▸ PROVIDED DATA:
--

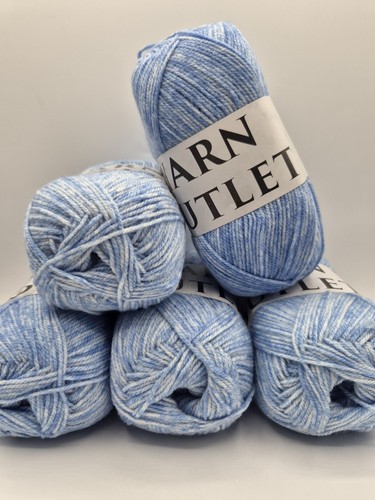 Variegated knitting crochet - variegated,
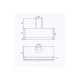 Cooker hood ILVE APM90-MK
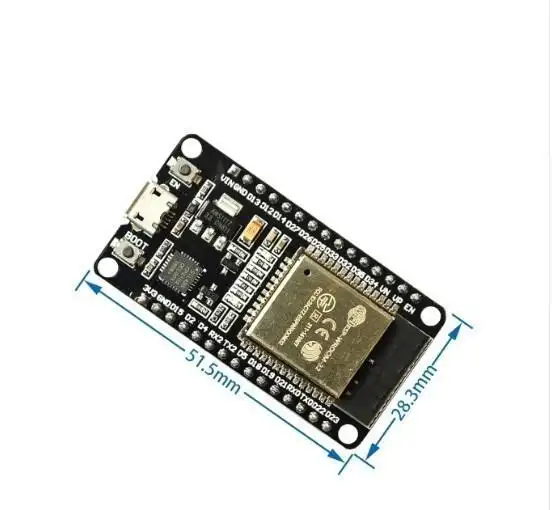 ESP8266 ESP32 ESP-12 ESP-12F CH340G CH340 V2 USB WeMos D1 Mini WIFI Development Board D1 Mini NodeMCU Lua IOT Board 3.3V image 8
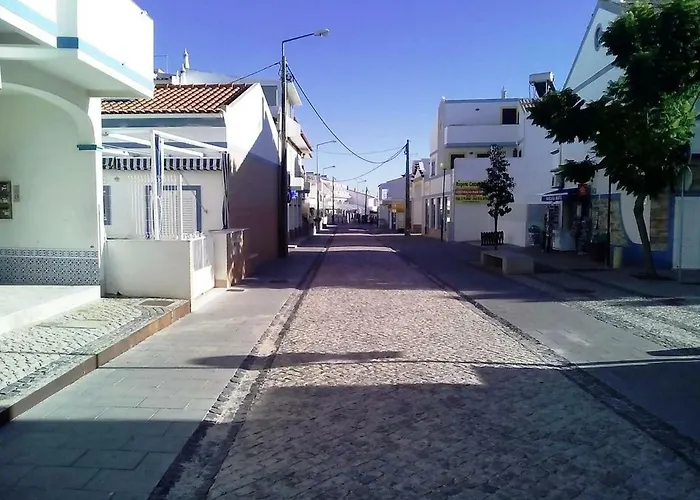Manta Rota Holiday Home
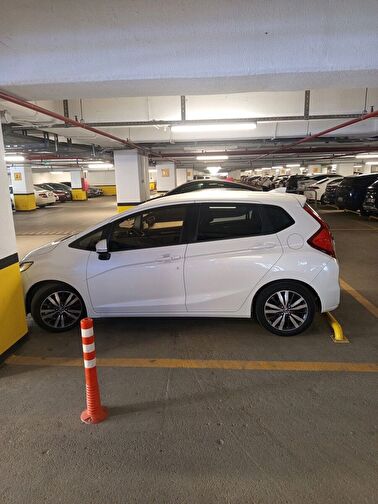 HONDA JAZZ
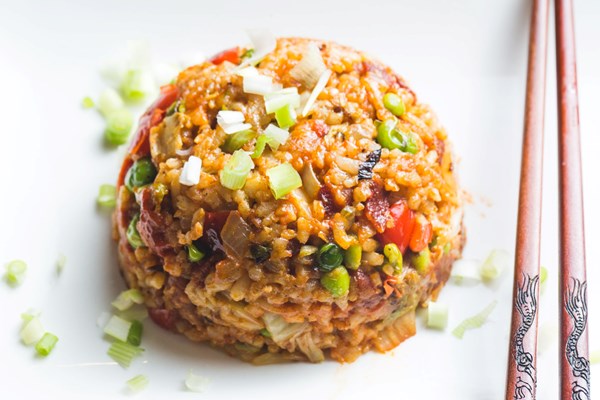Gochujang fried rice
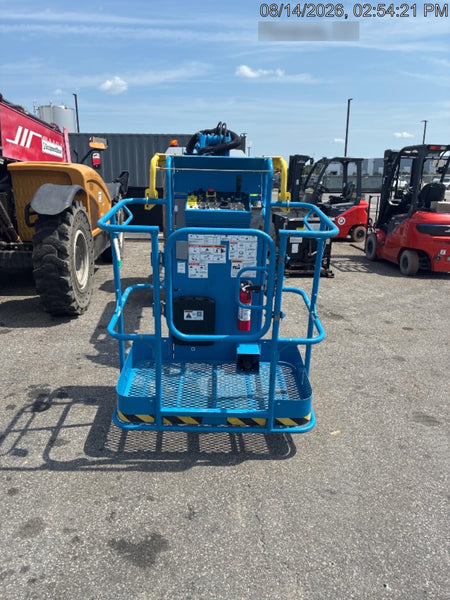 2024 GENIE Z30-20 N RJ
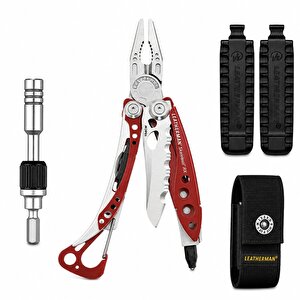 Skeletool Rx Red Tam Set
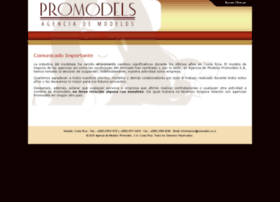 promodels.co.cr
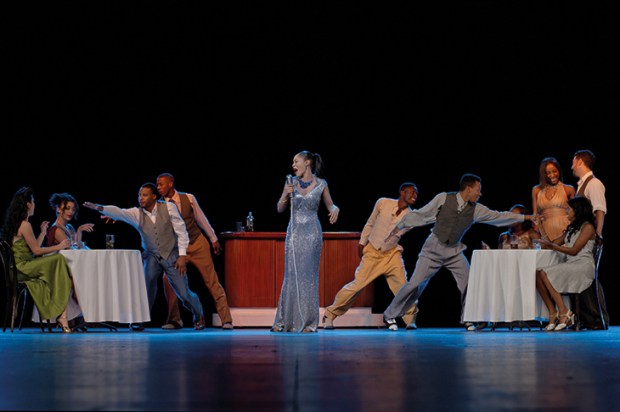 Life after death: Billie Holliday at the Hologram USA Theater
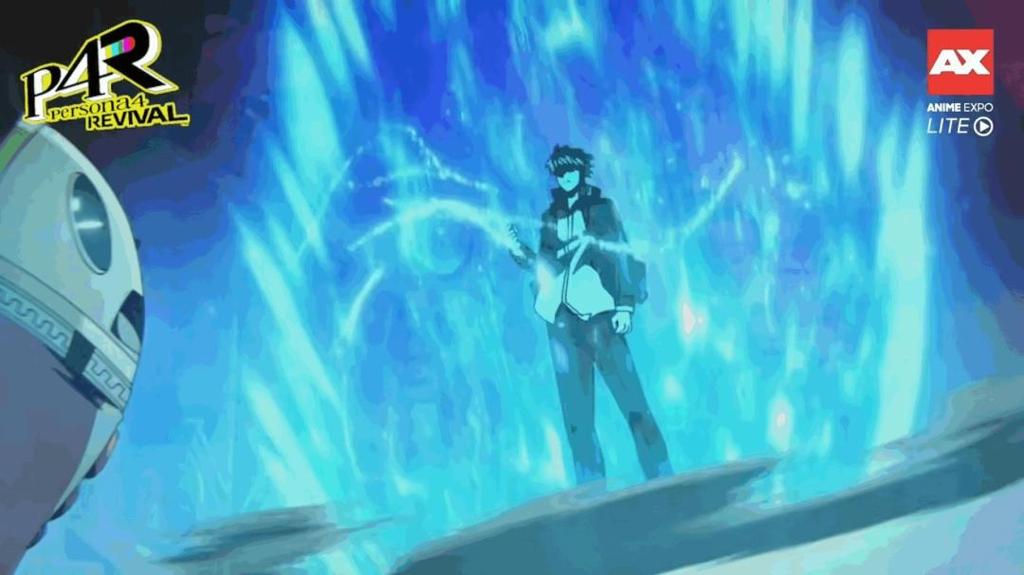 MAPPA操刀《女神异闻录4 复兴版》全过场！动画首次公开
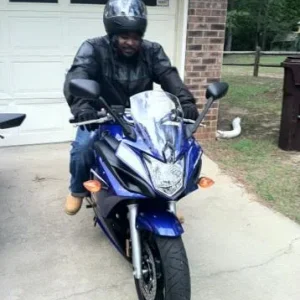 AnTy Blue Decepticon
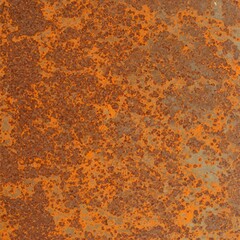 rusty metal background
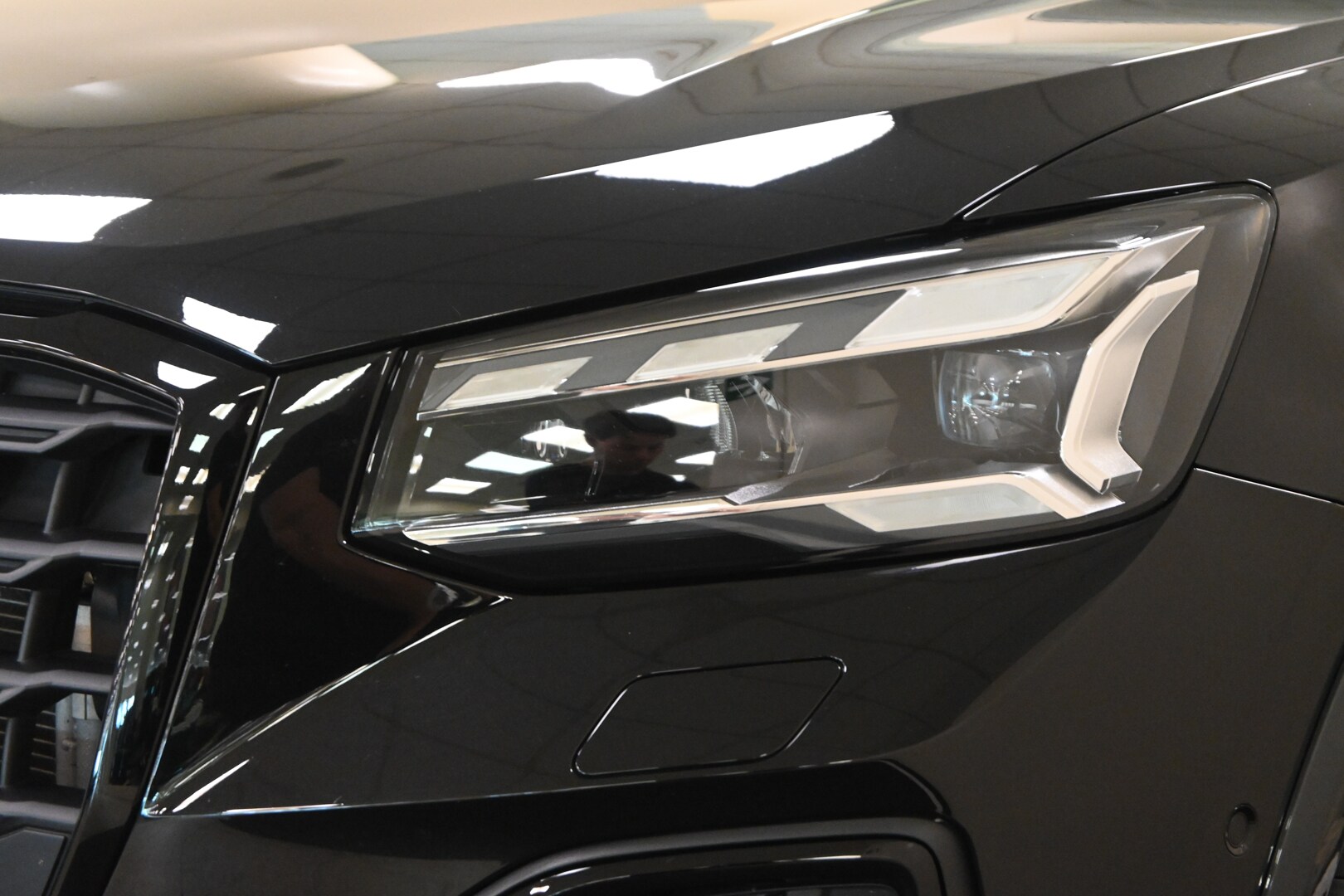 AUDI Q2 Q2 30 TDI S line Edition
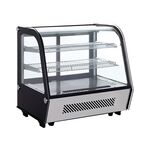 Витрина холодильная настольная Hurakan HKN-LPD120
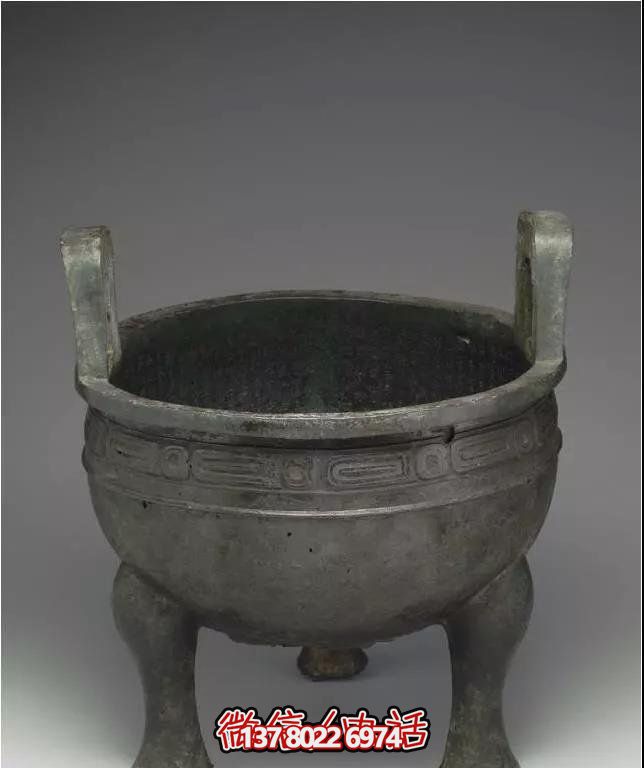 古代文物铜雕景观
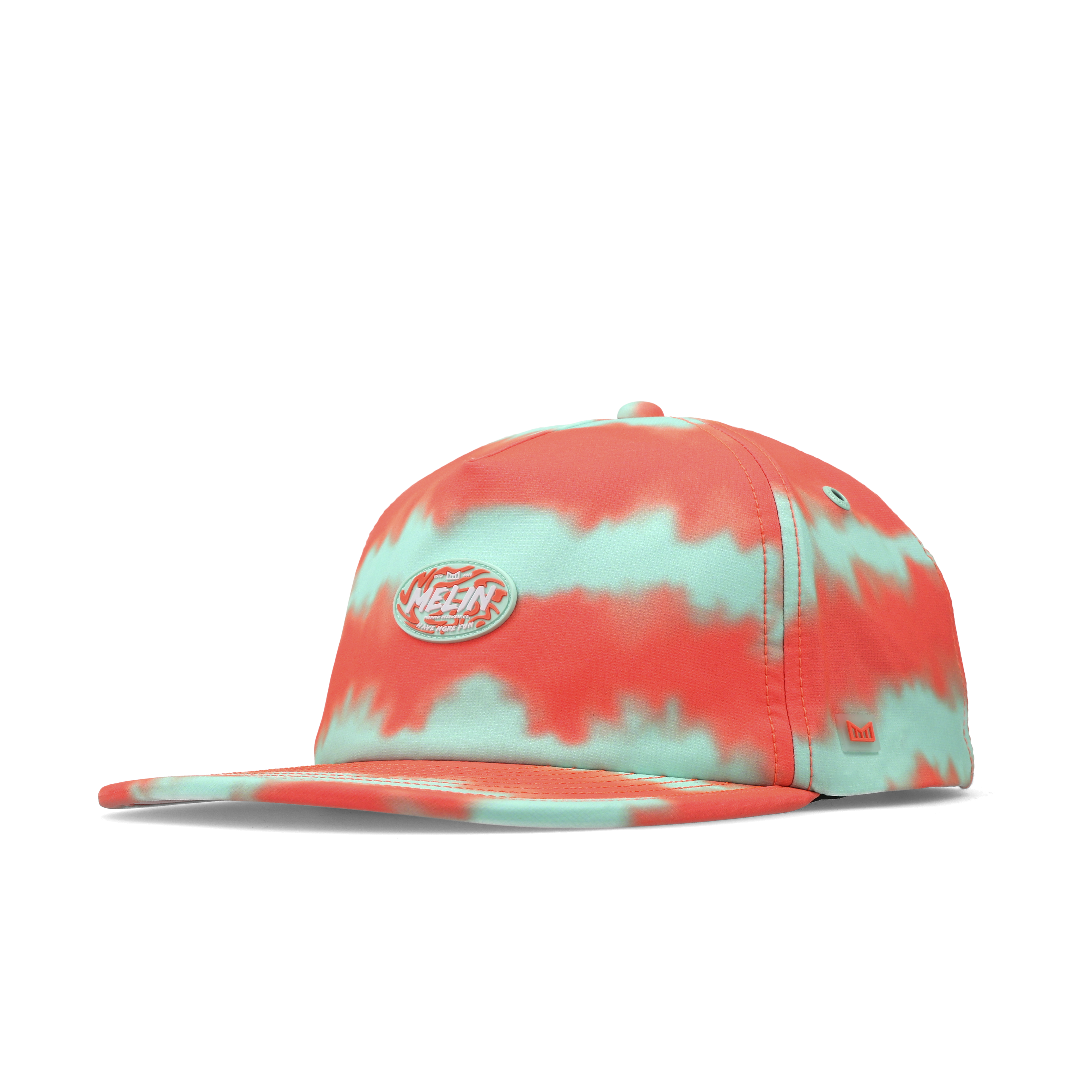 Eagle Neon Tie Dye Hydro - Infrared (1IFO)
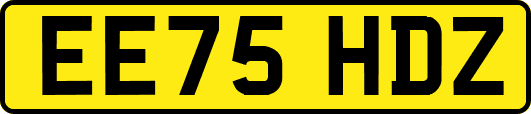 EE75HDZ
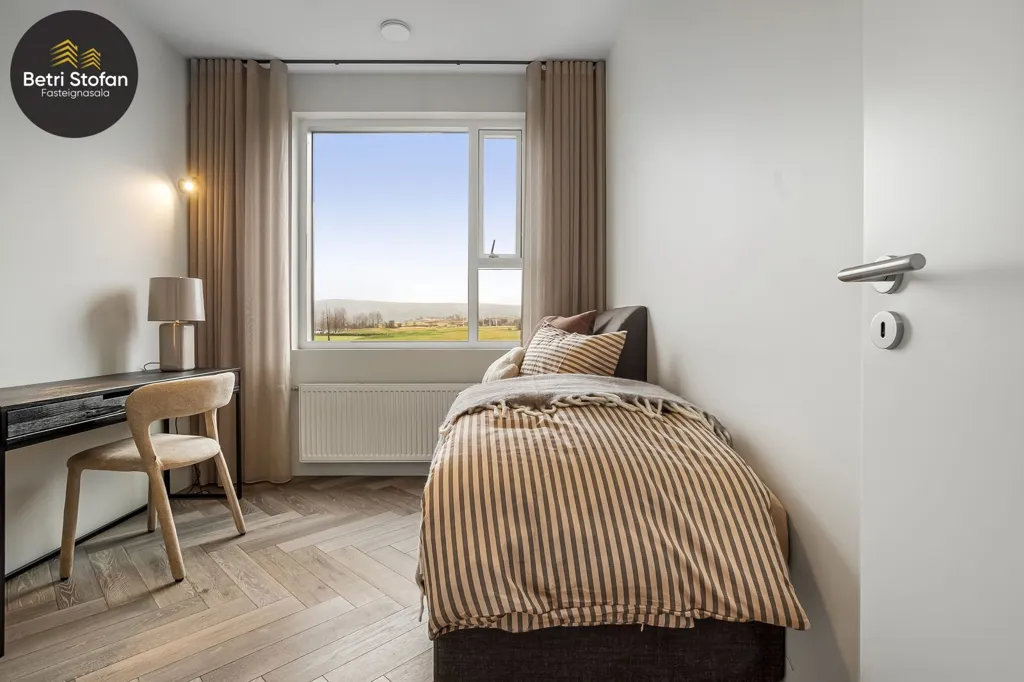 Appartement 2 pièces à Garðabær
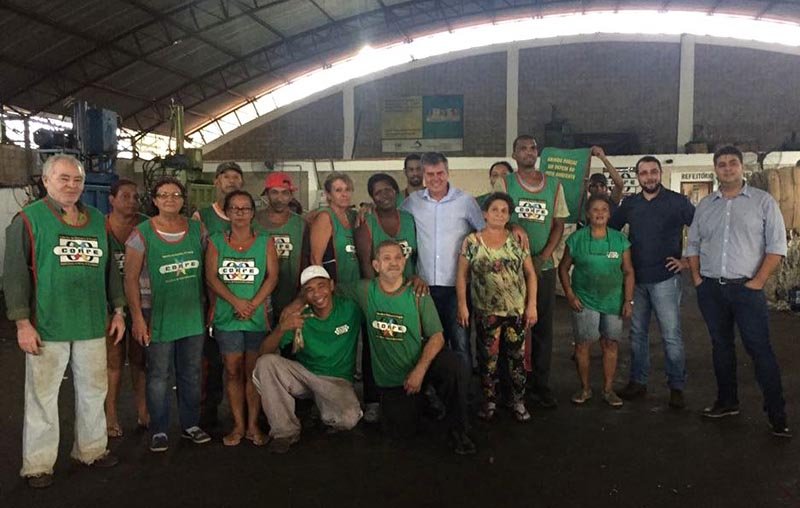 Corpe é referência para cidade de Goiás
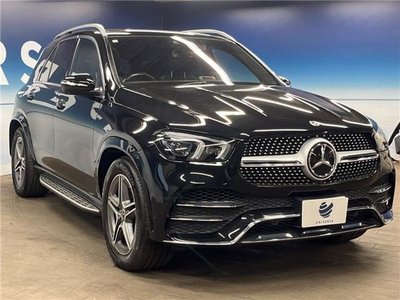 2019 Mercedes-BENZ GLE — миниатюра 17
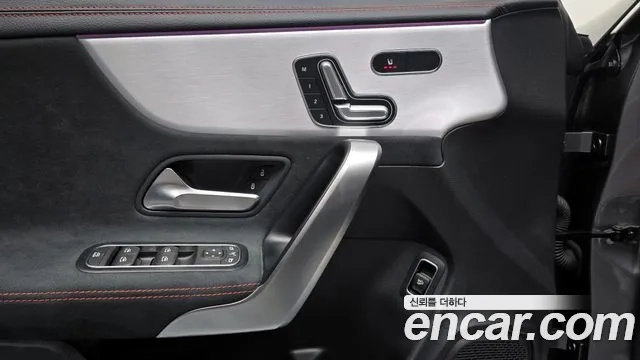 Mercedes-Benz CLA-Class C118 id 2907450 из Кореи 9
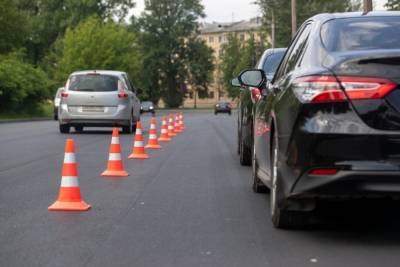 На улице Инженерной в Пскове впервые появятся тротуары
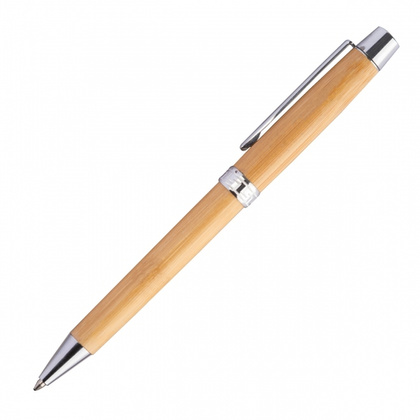 Długopis bambusowy w etui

--

▸ WORK INSTRUCTION:
What is needed is an exact copy of all the entries above, minus the pictures.

▸ ANSWER SPACE:
 Variegated knitting crochet - variegated,
 Cooker hood ILVE APM90-MK
 ESP8266 ESP32 ESP-12 ESP-12F CH340G CH340 V2 USB WeMos D1 Mini WIFI Development Board D1 Mini NodeMCU Lua IOT Board 3.3V image 8
Manta Rota Holiday Home
 HONDA JAZZ
Gochujang fried rice
 2024 GENIE Z30-20 N RJ
 Skeletool Rx Red Tam Set
 promodels.co.cr
 Life after death: Billie Holliday at the Hologram USA Theater
 MAPPA操刀《女神异闻录4 复兴版》全过场！动画首次公开
 AnTy Blue Decepticon
 rusty metal background
 AUDI Q2 Q2 30 TDI S line Edition
 Витрина холодильная настольная Hurakan HKN-LPD120
 古代文物铜雕景观
 Eagle Neon Tie Dye Hydro - Infrared (1IFO)
 EE75HDZ
 Appartement 2 pièces à Garðabær
 Corpe é referência para cidade de Goiás
 2019 Mercedes-BENZ GLE — миниатюра 17
 Mercedes-Benz CLA-Class C118 id 2907450 из Кореи 9
 На улице Инженерной в Пскове впервые появятся тротуары
 Długopis bambusowy w etui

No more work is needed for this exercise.